Valuers specialise in property economics, specifically, establishing market values. Valuers usually have an area of expertise, such as the prevailing or forecast value of residential, commercial or industrial property. Licensed valuers conduct large amounts of work on behalf of financiers to determine the value of a property for finance calculations. A market valuation is also used in the calculation of capital gains tax. A valuer determines the perceived “market value” (potential sales price), and is a somewhat subjective result.
In contrast, a quantity surveyor is more scientific and determines the actual construction cost of a development. A quantity surveyor’s costing assists in determining whether a development will allow for the required return for a developer, through a combination of input costs: land value, construction cost, sale value and profit.

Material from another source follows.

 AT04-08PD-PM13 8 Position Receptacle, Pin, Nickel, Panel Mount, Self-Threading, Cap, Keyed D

Quantity surveyors also provide various property services throughout all stages of a building’s lifecycle. With regard to property, one of the key services offered is tax depreciation reporting on investment properties. This is where the majority of confusion regarding the two professions presents itself. Industry professionals may advise an investor that they require “a valuation for taxation purposes”, correctly known as a tax depreciation and capital allowance schedule.

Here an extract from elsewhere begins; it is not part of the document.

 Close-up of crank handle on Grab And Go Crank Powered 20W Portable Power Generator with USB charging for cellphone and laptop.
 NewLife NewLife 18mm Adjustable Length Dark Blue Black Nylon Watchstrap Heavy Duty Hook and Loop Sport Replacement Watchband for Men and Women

With regards to property tax depreciation, The Australian Taxation Office states the following in TR 97/25:
• “Unless they are otherwise qualified, valuers, real estate agents, accountants and solicitors generally have neither the relevant qualifications nor
experience to make such an estimate”.
Furthermore, The Australian Taxation Office states that:
•“Appropriately qualified people might include a quantity surveyor, who has expertise in the relevant type of construction” (taken from TR 97/25A).
It is clear that many property owners and investors require the services of a valuer, to determine the “market value” of a development. However, with regards to determining the construction cost of a development, or the tax depreciation potential of a property, property owners should employ the services of a quantity surveyor.